De modo que las nuevas incorporaciones eran sometidas a una vigilancia estrechísima.

--Buenos días, señora Ogg --dijo alguien por detrás--. ¿Todo bien, espero?

--¿Cómo está usted, señora Shimmy? --dijo Tata, volviéndose. Su clasificador mental le enseñó una ficha: Clarity Shimmy, vive con una madre anciana, toma rapé y sabe de animales--. ¿Cómo sigue su madre?

--El mes pasado la enterramos, señora Ogg.

A Tata Ogg le gustaba Clarity Shimmy porque se veían poco.

--Vaya, qué disgusto --dijo.

--Pero ya le diré que ha preguntado por ella --dijo Clarity. Echó un vistazo a la pista y preguntó--: ¿Esa chica gorda quién es? Tiene un culo que ni salido de la bolera.

--Agnes Nitt.

--Pues tiene buena voz para echar maldiciones. Con una voz así queda clarísimo que te maldice.
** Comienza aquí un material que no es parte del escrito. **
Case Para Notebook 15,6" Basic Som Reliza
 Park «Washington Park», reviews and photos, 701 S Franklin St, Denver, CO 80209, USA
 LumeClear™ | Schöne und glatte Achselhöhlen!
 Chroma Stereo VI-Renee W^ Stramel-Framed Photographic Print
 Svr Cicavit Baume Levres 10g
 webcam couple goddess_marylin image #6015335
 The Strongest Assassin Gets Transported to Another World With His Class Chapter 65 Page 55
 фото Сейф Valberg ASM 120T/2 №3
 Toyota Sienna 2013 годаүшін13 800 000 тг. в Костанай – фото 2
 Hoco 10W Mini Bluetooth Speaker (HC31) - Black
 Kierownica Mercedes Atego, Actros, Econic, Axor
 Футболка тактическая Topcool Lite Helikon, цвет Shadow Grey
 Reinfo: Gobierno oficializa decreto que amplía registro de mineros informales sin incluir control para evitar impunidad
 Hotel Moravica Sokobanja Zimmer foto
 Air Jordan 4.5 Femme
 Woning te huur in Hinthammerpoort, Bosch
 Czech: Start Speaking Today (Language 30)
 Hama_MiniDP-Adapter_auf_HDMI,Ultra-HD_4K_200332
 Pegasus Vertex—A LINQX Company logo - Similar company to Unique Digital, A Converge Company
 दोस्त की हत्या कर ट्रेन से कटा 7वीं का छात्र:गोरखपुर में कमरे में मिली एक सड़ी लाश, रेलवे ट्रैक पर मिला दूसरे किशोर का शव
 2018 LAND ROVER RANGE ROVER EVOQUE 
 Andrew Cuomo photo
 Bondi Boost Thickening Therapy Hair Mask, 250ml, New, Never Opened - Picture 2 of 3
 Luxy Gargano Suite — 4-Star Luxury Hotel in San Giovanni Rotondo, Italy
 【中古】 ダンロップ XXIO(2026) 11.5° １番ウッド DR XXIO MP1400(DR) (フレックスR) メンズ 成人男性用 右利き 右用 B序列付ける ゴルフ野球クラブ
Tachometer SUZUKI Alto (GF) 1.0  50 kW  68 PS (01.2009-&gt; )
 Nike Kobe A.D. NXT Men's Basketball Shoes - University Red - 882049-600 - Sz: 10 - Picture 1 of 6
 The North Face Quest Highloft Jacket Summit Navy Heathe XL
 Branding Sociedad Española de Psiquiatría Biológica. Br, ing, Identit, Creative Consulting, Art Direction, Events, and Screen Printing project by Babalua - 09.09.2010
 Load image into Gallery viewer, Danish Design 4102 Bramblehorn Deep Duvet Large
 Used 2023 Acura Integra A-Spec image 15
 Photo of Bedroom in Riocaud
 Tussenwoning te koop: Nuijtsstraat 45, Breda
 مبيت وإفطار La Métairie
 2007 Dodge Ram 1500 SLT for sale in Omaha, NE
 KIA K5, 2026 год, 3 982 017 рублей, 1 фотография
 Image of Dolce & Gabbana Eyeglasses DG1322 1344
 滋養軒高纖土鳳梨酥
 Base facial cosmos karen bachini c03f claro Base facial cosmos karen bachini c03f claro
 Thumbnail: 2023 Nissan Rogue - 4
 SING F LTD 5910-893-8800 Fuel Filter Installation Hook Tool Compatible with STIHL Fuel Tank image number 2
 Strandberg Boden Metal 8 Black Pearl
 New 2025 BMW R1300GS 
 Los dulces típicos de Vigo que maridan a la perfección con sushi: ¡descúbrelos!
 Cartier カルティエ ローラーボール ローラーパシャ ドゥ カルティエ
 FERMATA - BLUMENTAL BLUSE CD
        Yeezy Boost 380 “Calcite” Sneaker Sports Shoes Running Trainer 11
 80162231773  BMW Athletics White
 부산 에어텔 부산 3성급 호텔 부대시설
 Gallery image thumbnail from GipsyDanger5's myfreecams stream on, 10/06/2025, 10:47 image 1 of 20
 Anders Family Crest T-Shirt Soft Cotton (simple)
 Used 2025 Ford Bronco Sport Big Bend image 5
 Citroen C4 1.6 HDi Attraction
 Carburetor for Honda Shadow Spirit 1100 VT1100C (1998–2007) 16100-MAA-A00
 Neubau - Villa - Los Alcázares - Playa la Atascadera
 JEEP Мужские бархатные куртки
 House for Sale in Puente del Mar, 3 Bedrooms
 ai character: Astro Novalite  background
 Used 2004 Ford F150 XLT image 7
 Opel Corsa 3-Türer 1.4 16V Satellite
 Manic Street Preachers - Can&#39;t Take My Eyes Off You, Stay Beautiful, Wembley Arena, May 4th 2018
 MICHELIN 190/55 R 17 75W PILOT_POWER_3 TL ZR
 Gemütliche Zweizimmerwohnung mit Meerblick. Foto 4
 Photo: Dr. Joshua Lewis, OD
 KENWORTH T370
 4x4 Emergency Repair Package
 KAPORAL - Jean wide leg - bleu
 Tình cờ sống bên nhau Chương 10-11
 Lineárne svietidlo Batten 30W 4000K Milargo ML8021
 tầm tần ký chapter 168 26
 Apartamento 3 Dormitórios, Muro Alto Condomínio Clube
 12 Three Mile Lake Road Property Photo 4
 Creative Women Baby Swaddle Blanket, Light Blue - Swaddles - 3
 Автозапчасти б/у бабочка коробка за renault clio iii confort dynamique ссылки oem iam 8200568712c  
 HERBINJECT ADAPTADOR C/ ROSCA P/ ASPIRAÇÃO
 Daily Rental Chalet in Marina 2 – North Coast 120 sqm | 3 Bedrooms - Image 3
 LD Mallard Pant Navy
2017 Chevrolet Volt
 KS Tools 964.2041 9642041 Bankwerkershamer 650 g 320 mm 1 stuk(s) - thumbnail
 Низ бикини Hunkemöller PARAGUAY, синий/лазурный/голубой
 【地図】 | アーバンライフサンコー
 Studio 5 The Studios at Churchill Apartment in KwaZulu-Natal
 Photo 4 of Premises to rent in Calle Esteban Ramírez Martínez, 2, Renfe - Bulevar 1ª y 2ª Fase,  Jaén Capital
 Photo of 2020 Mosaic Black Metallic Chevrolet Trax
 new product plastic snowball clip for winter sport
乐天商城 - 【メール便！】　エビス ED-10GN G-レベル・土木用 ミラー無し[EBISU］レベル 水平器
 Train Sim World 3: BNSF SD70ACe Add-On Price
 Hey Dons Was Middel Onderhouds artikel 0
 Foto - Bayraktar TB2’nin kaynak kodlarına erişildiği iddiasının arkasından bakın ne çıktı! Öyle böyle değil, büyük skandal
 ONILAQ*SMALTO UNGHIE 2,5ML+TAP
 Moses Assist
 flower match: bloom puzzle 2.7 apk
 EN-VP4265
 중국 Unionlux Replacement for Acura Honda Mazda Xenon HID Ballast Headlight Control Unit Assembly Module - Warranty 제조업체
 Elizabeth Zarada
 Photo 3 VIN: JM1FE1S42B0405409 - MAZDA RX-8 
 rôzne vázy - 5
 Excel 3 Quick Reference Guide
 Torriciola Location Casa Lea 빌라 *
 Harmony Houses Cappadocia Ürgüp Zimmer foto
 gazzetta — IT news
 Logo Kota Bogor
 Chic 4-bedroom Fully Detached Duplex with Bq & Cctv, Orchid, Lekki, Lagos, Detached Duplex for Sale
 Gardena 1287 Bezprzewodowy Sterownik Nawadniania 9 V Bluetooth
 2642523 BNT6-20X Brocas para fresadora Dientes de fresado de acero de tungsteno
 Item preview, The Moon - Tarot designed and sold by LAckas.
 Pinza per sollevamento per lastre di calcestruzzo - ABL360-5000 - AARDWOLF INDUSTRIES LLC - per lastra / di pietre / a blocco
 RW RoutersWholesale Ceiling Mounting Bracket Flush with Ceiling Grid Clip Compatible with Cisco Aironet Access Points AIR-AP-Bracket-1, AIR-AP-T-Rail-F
--Sí, la naturaleza la ha dotado de una buena voz para maldecir --dijo educadamente Tata--. Esme Ceravieja y yo le dimos un par de consejos.

Clarity volvió la cabeza.

Al otro lado del terreno había una figurilla rosada sentada a solas detrás de la tina del salvado. Por lo visto no destacaba por sus dotes de convocatoria.

Clarity se aproximó.

--Eeh... ¿Qué hace?

--No lo sé --contestó Tata--. Me parece que ha decidido ser amable.

--¿Esme amable?

--Esto... sí--dijo Tata.

No por contárselo a alguien le parecía menos absurda la situación.

Clarity la miró fijamente. Tata la vio hacer una pequeña señal con la mano izquierda y marcharse a toda prisa.

Los sombreros puntiagudos se iban agrupando. Había corrillos de tres o cuatro. Las puntas se juntaban, conversaban animadamente y volvían a abrirse como una flor, girándose hacia la mancha rosa del fondo. Después, un sombrero se separaba del grupo para sumarse a otro con paso resuelto, haciendo que se repitiera la secuencia. Era como ver una fisión nuclear a cámara lenta. Había mucha agitación, y no tardaría en producirse el estallido.

A cada momento había alguien mirando a Tata, la cual acabó por meterse entre las casetas hasta llegar a la del enano Zakzak Brazofuerte, fabricante y proveedor de baratijas de ocultismo para los más impresionables. Zakzak la saludó alegremente con la cabeza, detrás de un cartel donde ponía «Herraduras de la suerte».